Again: the Church was very different during the period than it is today, representing political power, a center and repository of education and knowledge, tremendous financial power, and a very active role in political goings-on. Again: it's really not particularly surprising that the Church was so involved in sponsorship for the arts.
Today those roles are largely filled by commercial interests, an insight which first came to me in the late 1980s as an early computer animation festival was touring through my college town, and I realized that many of the best shorts, almost all advertisements, were for tobacco and alcohol companies. Today that niche is filled more by the FIRE sector.

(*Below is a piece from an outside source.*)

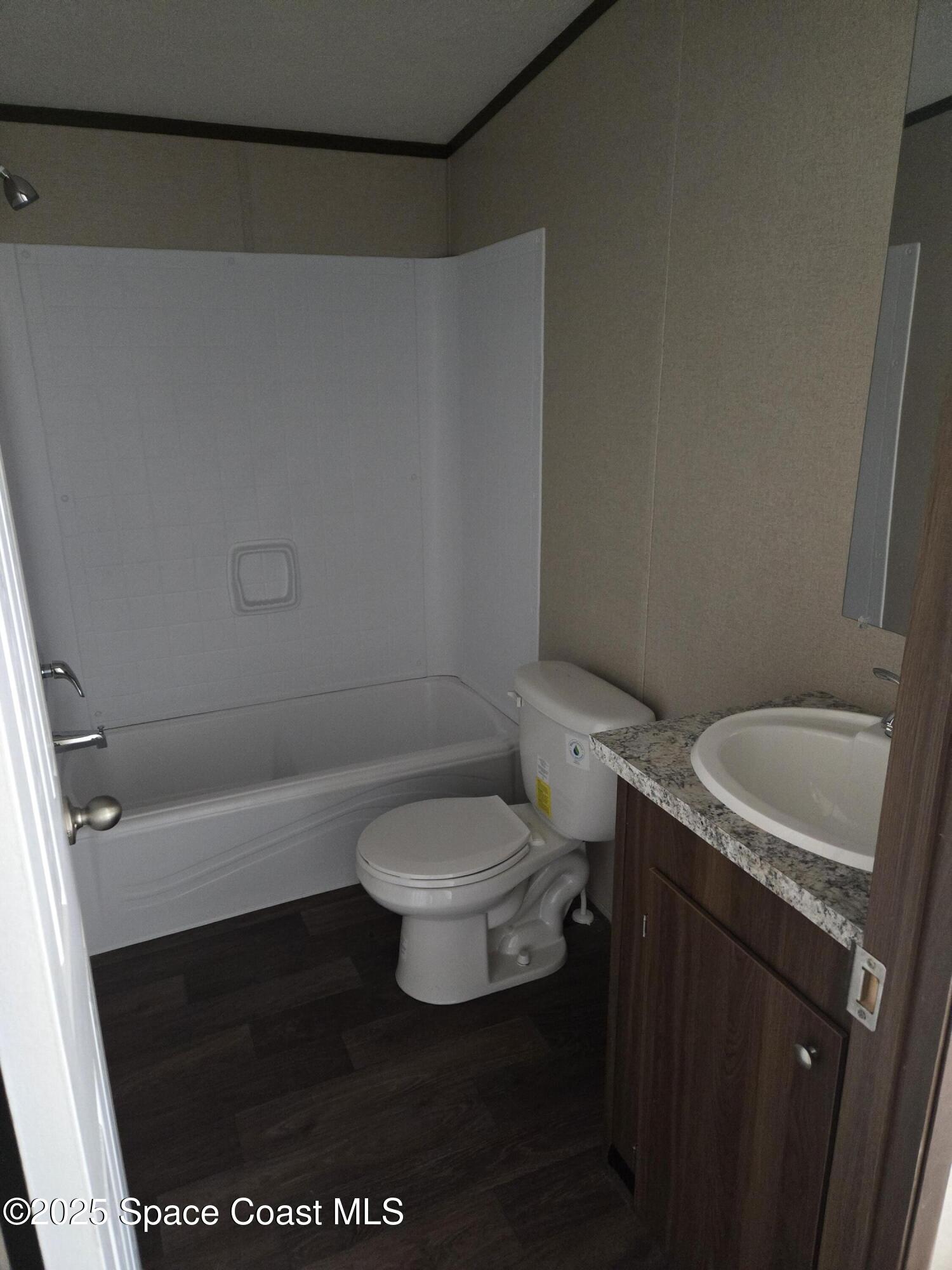 2534 Amberly Road Northeast Palm Bay, FL 32905 - Photo 4 of 5 a white toilet sitting next to a shower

I don't think you can attribute most incredible art to be inspired by religion, considering that during those times, art (sometimes just ideas) that lacked religious conformity were dealt with severity. Perhaps the reason there is so much art that is inspired by religion because not much else survived.
This brings a famous bit by George Carlin (I think) to my mind - ...It start's when we are kids, we are told to be creative and to colour within the lines... (paraphrased)
Your theory that the Mom's Night Out movie was panned only because critics thought it wasn't "feminist" enough can just as easily be turned around to say that the Christian audiences praised it only because the movie panders to them. All the praising user reviews I've read come from a very politically motivated and reactionary viewpoint.
You're quite right, but there is something strangely amusing to me about the idea of art inspired by religion in a thread about the Sistine chapel. It's almost more like science trumping religion. There are quite a few theories on just what some images are of - sections of brain, cross section of a penis, brain stem, eye, shoulder etc.
In this case I should have probably used 'funded', but in those days not having a religion was not really an option.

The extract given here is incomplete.